Hacker News new | ask | show | jobs
by vruiz 3994 days ago
> Any LB goes down, and DNS client retries will deal with it.

How? How does the DNS client know that the IP no longer works? do browsers today have this mechanism?

I'm not a network guy so perhaps I'm wrong but it's my understanding the problem with DNS load balancing is that you can not invalidate the TTL on the client.

2 comments

It is up to the client. But all of the clients (browsers) out there do more or less the same thing.. they try the first DNS record.. if no response in ~30 seconds, try the second, and so on - going down the list.

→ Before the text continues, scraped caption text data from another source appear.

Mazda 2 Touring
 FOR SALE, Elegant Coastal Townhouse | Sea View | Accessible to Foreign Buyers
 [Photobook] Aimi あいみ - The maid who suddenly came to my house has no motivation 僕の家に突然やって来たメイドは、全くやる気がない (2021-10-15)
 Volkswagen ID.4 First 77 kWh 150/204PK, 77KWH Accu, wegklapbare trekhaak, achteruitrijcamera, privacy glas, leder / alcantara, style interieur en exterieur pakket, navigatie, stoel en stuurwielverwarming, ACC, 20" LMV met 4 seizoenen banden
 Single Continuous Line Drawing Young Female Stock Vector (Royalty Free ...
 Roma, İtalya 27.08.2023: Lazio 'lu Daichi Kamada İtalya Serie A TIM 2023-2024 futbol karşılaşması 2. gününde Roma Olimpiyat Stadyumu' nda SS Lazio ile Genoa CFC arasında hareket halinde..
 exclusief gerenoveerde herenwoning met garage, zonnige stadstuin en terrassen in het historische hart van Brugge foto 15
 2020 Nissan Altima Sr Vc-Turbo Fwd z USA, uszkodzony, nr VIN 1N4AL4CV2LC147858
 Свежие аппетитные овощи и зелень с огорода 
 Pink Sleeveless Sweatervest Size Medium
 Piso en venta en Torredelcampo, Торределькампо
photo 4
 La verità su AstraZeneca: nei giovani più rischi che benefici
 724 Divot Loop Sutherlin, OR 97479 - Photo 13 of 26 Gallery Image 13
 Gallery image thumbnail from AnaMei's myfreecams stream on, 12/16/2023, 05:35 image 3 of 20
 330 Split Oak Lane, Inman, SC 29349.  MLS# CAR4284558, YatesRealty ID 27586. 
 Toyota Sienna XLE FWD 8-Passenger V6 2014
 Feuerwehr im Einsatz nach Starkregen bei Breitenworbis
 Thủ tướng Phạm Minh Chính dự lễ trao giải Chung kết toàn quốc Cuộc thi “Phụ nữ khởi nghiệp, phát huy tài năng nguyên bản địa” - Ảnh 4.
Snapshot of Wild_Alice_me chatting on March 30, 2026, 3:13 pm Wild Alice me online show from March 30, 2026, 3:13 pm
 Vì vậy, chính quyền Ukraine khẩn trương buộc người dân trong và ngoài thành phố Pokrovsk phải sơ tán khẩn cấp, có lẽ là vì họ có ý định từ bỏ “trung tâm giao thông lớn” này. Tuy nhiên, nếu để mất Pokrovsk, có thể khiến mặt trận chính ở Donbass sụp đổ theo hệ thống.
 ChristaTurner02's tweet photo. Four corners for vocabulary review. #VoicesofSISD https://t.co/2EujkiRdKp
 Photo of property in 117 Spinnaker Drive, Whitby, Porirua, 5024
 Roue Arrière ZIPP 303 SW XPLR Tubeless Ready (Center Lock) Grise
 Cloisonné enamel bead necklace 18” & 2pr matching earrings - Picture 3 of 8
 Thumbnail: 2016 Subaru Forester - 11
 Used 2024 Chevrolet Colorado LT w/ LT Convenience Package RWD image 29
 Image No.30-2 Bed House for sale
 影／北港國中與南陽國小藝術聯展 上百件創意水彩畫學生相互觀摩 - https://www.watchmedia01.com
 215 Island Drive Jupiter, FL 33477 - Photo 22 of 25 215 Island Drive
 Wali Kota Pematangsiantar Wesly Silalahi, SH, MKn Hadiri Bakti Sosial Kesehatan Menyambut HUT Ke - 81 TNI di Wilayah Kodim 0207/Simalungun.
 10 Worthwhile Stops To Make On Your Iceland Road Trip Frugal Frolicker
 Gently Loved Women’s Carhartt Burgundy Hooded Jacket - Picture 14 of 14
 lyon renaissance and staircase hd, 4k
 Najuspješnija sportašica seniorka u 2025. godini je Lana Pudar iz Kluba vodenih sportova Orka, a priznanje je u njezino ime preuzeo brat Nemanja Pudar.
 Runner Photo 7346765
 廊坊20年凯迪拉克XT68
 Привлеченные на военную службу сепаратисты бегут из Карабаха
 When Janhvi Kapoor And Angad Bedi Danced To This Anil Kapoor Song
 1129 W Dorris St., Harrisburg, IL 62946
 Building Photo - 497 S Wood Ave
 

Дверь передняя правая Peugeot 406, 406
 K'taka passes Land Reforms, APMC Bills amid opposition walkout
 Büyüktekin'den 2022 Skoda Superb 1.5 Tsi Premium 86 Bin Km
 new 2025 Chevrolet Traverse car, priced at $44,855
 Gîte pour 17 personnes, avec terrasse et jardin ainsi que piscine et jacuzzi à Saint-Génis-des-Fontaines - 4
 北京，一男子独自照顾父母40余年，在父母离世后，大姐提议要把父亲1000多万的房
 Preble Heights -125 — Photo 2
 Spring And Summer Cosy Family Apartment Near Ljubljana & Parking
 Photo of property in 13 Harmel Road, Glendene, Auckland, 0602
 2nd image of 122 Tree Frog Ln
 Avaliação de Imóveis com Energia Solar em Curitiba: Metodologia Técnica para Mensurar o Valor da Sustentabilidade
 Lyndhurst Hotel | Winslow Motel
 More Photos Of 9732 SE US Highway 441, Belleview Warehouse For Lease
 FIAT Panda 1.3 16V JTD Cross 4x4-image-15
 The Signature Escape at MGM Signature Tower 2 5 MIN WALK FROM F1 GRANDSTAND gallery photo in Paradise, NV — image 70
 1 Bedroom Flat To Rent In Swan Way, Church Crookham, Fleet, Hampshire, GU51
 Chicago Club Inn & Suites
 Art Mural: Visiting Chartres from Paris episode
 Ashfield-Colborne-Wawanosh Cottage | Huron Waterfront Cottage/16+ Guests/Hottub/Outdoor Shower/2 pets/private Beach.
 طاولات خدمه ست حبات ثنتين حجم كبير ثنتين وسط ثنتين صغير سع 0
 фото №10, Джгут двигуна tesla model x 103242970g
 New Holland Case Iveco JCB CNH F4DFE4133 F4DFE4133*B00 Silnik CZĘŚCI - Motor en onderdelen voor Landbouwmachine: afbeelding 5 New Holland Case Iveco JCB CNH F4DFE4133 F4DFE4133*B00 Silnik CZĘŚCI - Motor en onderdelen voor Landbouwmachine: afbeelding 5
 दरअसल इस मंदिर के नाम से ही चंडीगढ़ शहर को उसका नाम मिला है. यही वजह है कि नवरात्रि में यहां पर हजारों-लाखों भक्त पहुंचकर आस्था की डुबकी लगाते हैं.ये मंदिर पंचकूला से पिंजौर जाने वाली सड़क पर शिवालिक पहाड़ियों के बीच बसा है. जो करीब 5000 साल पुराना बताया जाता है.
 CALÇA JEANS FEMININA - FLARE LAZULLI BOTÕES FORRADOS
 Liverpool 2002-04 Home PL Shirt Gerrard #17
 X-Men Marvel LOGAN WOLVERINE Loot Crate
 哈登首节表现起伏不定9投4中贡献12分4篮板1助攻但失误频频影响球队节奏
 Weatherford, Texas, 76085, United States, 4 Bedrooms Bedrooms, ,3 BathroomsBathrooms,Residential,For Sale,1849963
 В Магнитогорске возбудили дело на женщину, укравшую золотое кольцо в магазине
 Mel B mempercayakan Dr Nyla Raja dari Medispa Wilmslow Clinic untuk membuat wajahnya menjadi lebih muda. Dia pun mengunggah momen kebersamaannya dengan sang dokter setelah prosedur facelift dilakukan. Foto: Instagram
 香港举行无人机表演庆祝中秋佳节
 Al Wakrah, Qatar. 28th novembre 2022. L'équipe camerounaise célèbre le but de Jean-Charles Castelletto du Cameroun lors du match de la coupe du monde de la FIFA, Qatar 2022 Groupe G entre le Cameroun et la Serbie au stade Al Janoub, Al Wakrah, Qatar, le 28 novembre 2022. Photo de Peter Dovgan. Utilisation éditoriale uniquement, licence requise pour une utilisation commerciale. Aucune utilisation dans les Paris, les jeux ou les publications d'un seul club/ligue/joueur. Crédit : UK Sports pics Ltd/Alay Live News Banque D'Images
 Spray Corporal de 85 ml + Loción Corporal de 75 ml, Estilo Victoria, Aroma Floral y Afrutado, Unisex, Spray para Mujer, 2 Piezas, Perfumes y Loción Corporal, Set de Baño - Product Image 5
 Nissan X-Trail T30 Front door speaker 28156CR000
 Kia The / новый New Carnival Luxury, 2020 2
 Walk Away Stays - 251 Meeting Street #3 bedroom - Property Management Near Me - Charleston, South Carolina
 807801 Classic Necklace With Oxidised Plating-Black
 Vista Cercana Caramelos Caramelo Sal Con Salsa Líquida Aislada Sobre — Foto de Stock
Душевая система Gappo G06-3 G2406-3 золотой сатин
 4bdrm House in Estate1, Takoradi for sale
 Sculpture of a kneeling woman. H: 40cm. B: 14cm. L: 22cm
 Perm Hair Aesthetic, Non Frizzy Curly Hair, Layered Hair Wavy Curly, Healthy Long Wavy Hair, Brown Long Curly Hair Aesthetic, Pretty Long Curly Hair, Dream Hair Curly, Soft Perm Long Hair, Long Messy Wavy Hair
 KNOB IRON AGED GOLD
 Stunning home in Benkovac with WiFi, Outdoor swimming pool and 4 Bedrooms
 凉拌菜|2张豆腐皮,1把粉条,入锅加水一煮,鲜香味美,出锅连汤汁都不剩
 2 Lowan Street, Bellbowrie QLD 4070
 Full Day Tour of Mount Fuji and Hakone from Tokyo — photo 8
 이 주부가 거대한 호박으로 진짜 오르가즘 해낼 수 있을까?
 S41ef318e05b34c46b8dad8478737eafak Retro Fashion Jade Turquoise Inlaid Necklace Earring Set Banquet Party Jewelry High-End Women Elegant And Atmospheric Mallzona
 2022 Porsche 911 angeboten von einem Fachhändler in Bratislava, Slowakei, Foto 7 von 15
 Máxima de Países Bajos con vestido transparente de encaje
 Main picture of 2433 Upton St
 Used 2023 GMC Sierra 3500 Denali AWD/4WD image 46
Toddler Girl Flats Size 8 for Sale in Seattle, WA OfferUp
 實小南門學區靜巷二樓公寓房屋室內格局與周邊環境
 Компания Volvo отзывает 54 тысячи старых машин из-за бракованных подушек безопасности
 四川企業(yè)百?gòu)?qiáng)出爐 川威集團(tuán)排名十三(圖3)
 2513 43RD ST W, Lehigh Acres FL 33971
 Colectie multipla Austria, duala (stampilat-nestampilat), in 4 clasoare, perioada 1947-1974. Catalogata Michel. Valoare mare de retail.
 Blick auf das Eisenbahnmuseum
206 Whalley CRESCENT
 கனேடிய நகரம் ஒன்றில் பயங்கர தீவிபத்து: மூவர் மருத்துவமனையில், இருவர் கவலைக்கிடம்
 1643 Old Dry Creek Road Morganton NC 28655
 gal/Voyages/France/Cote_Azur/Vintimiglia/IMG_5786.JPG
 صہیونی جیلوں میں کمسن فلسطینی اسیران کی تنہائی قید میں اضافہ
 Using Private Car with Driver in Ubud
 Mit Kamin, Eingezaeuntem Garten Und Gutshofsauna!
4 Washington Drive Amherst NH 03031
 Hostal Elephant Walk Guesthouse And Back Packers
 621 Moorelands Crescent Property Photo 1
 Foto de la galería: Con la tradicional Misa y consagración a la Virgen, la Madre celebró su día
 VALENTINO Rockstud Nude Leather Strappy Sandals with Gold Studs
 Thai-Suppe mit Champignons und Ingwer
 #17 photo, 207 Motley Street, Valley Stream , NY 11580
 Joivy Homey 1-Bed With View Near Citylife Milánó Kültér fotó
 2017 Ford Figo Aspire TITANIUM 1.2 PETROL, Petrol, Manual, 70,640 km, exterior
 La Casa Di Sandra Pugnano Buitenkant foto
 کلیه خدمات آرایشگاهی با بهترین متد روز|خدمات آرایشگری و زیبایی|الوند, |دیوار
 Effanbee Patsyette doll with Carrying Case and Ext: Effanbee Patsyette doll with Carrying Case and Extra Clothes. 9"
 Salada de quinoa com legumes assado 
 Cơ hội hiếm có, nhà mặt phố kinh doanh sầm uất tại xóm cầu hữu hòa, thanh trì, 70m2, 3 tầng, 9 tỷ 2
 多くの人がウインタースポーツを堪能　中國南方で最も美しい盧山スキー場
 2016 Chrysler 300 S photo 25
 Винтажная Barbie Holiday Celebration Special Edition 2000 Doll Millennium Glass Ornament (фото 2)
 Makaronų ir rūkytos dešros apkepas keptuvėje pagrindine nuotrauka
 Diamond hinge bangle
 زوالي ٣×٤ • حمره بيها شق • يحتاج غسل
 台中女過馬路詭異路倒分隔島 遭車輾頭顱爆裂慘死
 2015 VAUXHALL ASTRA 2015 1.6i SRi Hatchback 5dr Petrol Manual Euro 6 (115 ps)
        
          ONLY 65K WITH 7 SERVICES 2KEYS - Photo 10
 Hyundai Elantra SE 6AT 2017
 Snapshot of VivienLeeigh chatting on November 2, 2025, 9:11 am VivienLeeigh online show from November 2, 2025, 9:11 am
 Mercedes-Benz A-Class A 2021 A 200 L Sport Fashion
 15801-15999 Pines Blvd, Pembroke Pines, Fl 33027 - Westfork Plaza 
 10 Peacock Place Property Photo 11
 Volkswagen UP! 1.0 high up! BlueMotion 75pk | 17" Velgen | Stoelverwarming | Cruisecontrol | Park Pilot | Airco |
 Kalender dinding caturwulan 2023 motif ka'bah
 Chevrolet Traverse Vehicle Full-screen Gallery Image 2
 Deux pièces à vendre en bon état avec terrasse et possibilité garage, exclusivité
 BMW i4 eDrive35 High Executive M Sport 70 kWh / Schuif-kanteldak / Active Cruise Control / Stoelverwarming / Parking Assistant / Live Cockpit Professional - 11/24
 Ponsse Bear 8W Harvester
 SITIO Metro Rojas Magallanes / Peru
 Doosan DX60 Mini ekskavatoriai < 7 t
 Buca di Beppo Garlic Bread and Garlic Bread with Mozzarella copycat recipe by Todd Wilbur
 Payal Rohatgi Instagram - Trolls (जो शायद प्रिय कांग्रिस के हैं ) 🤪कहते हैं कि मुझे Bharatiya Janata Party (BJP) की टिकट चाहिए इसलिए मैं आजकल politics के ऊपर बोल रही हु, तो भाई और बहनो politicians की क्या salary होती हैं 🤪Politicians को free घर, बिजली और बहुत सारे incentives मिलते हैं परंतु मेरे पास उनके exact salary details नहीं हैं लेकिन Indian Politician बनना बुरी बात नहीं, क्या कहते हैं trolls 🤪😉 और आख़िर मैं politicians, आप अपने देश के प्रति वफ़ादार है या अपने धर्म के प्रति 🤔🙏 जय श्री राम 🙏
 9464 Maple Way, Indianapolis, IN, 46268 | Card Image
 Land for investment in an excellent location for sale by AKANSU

TTL does not matter here because I am not yanking or adding to my DNS record. I am simply saying "Here are 3 servers.. try them in order until you find one that works".

In practice, a helpful feature is

a) Most clients try them in order from top to bottom b) Most DNS servers (including Digital Oceans) randomize the return order.

So if you do 2 dns requests, the first will return 1.2.3.4, 1.2.3.5, 1.2.3.6, and the second will return 1.2.3.5, 1.2.3.6, 1.2.3.4

This has the double benefit of splitting traffic more or less evenly between my load balancers, and dealing with things with one or more is dead.

I'm not sure all clients will behave as you are experiencing. But in any case:

> if no response in ~30 seconds, try the second

That is not HA. Most people will not wait 30 seconds for a page to load. If your business looses money with every minute of downtime this is certainly not adequate. It's certainly not recommended https://en.wikipedia.org/wiki/Round-robin_DNS#Drawbacks

Name a business that has not had a 30 second outage in the past year?

How about services you use a lot. How many hours has hacker News been down in 2015 (yet you are still on it right now)? How many hours has netflix been down in 2015? How many hours has entire chunks of AWS been down in 2015?

Every business is a spectrum. A HFT trading shop may decide that 1 second downtime per day is their max outage. A webpage advertising a pet adoption event may decide that 6 hours of downtime per day is the most they can tolerate. You have to make this decision for each product, and even better -each part of each product.

The entire point of this post thread was the idea behind "I can not use DO for serious stuff until they implement load balancing"... which is silly for most businesses. And even those businesses that need high uptime, I offered (and still believe) that DNS round robin is a decent way to get HA for almost no money.

You link to an article about it, but miss the boat. What other solution can I implement in a few minutes to provide available load balancing between any two servers in the world (same or different host provider, same or different datacenter, same or different continent).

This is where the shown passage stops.